Revisiting Reconstruction-based AI-generated Image Detection: A Geometric Perspective
This work addresses the critical challenge of ensuring authenticity in images for security and media applications, offering an incremental improvement over prior methods.
The paper tackled the problem of detecting AI-generated images by addressing limitations in existing reconstruction-based methods, proposing ReGap, a training-free method that uses dynamic reconstruction error from controlled perturbations, which outperformed baselines and showed robustness across diverse conditions.

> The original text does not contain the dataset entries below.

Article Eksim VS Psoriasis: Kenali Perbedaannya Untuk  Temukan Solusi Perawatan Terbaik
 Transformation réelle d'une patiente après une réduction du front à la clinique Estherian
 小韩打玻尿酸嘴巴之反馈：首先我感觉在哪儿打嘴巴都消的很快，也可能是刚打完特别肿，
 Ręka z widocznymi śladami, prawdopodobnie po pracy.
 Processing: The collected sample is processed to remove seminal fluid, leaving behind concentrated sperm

The rise of generative Artificial Intelligence (AI) has made detecting AI-generated images a critical challenge for ensuring authenticity. Existing reconstruction-based methods lack theoretical foundations and on empirical heuristics, limiting interpretability and reliability. In this paper, we introduce the Jacobian-Spectral Lower Bound for reconstruction error from a geometric perspective, showing that real images off the reconstruction manifold exhibit a non-trivial error lower bound, while generated images on the manifold have near-zero error. Furthermore, we reveal the limitations of existing methods that rely on static reconstruction error from a single pass. These methods often fail when some real images exhibit lower error than generated ones. This counterintuitive behavior reduces detection accuracy and requires data-specific threshold tuning, limiting their applicability in real-world scenarios. To address these challenges, we propose ReGap, a training-free method that computes dynamic reconstruction error by leveraging structured editing operations to introduce controlled perturbations. This enables measuring error changes before and after editing, improving detection accuracy by enhancing error separation. Experimental results show that our method outperforms existing baselines, exhibits robustness to common post-processing operations and generalizes effectively across diverse conditions.